ChillFish8 / cfavml

An unopinionated SIMD vector operation library for Rust, supporting no_std and no-alloc workloads.
Apache License 2.0
3 stars 1 forks source link

hypot function in cfavml #14

Open skewballfox opened 4 days ago

skewballfox commented 4 days ago

mentioned in #13 this would be a useful operation to have for (float) operations in cfavml itself. for subnormal or large numbers, computing it directly will lead to underflow or overflow. I'm in the process of adapting the implementation laid out here. link to copy on rust playground, the versions worth looking at are lines 73 and 87.

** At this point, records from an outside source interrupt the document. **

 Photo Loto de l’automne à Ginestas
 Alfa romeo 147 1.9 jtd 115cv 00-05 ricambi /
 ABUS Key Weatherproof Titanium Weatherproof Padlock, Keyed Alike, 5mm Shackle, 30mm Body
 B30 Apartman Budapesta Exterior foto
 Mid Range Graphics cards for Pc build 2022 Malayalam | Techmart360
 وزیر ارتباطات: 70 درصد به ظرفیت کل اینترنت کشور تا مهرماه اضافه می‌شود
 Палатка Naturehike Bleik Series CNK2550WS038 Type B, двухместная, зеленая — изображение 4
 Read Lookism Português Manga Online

The tldr is to get the abs max of the inputs (hi), factor out the nearest 2 power < hi, and scale the subnormal inputs. Working on testing for subnormal inputs because I'm still trying to wrap my head around the scaling part.

I don't think this should be part of simd register, partially because this only make sense for float types, but it can't be handled separately the way cosine is. Should we create a separate trait for common floating point ops?

ChillFish8 commented 4 days ago

I think floating point ops as a separate thing makes sense.

Honestly, one of my regrets about the 1 SimdRegister trait is that it makes creating these distinctions very difficult. It could be reworked to allow more complex behaviour, like accumulating into large bit-size integers. For example, the Int8 dot product realistically wants to accumulate into an f32.

I think A good starting point would be to create a separate trait for the op, and we take an approach of each op being a trait and gradually move the current SimdRegister ops that aren't the basic loads, stores, etc... Into separate traits so we can improve the flexibility and remove ops for data types that don't make sense to implement.

skewballfox commented 1 day ago

so I can close the tab, something that might be useful for automath is the paper that the cmath implementation is based on, though I don't think it's as useful for the simd versions. Mainly because it involves a lot of conditional branching, which I'm guessing would mean masking and executing for every condition.